** Opening Information shown block **

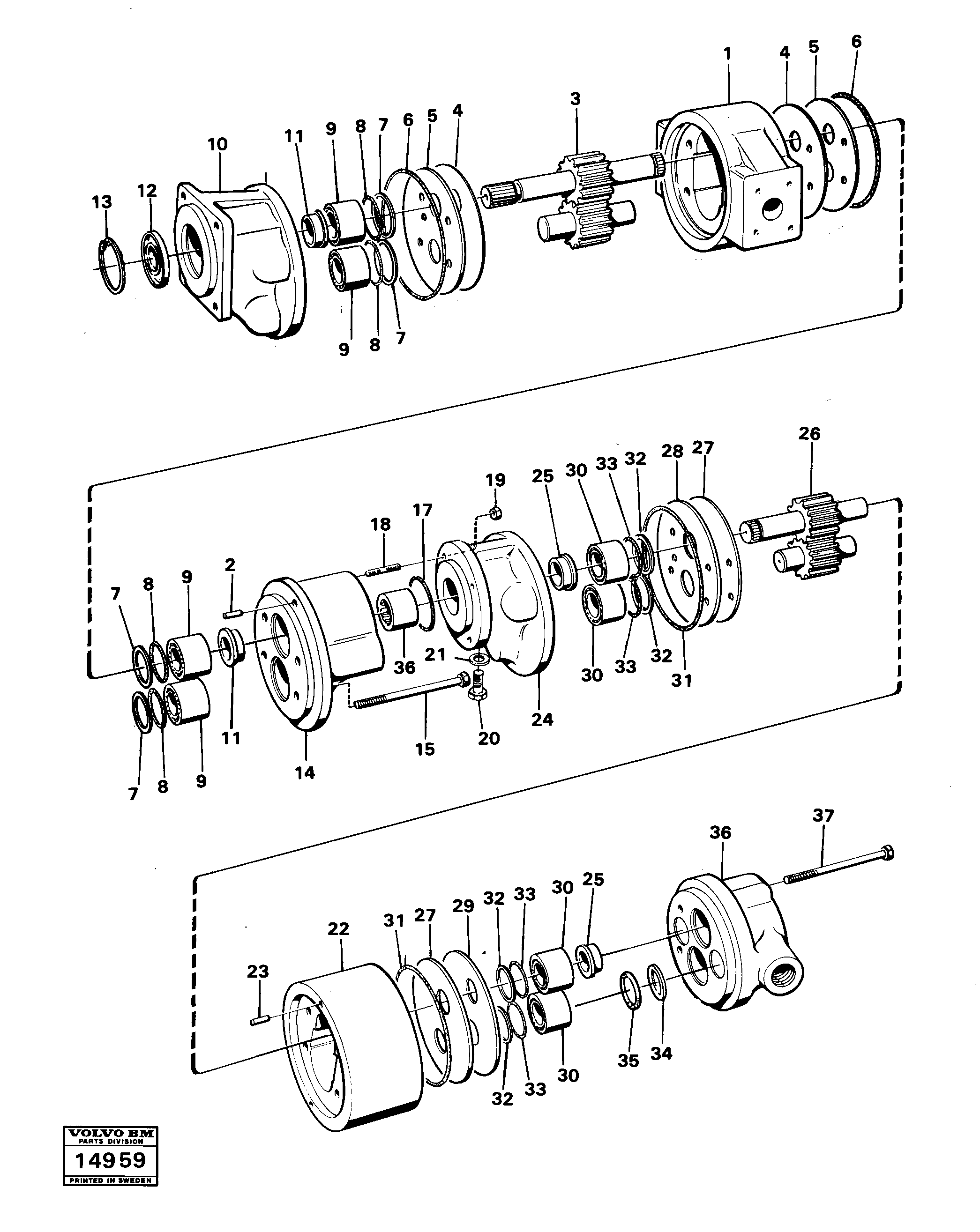 Driveshaft VOE6632522 VOLVO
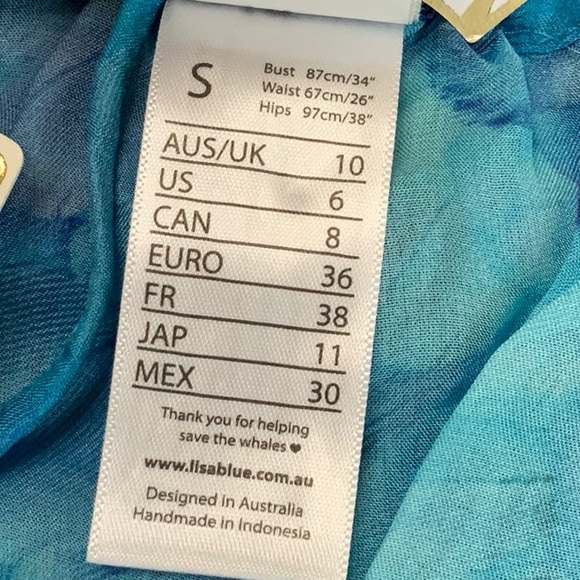 Lisa Blue WINGED ONES Gypsy Dress - Celestial Blue - Picture 7 of 15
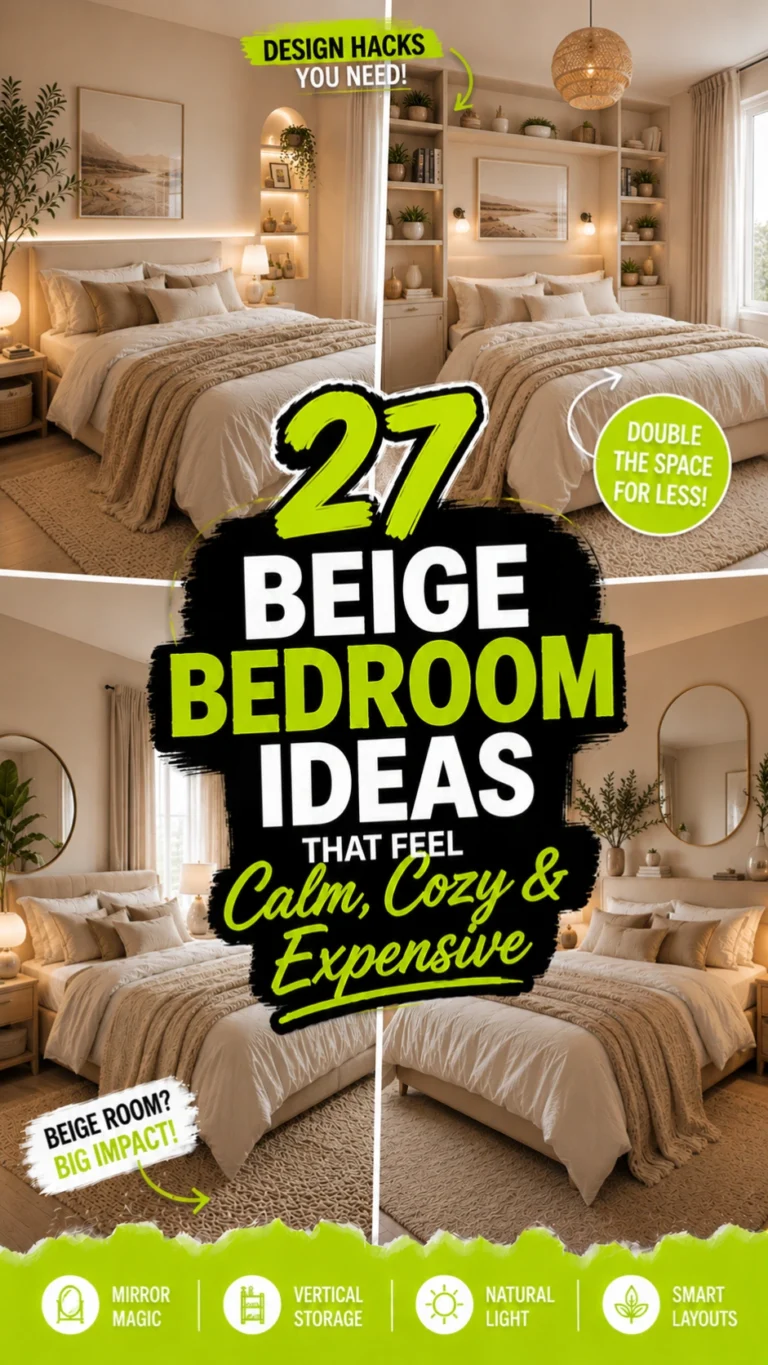 17 Beige Bedroom Ideas That Feel Calm, Cozy & Expensive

** Closing Information shown block **

**Work instruction**
Leave out the images and write out the listing above exactly.

**Solution for this exercise**
 Driveshaft VOE6632522 VOLVO
 Lisa Blue WINGED ONES Gypsy Dress - Celestial Blue - Picture 7 of 15
 17 Beige Bedroom Ideas That Feel Calm, Cozy & Expensive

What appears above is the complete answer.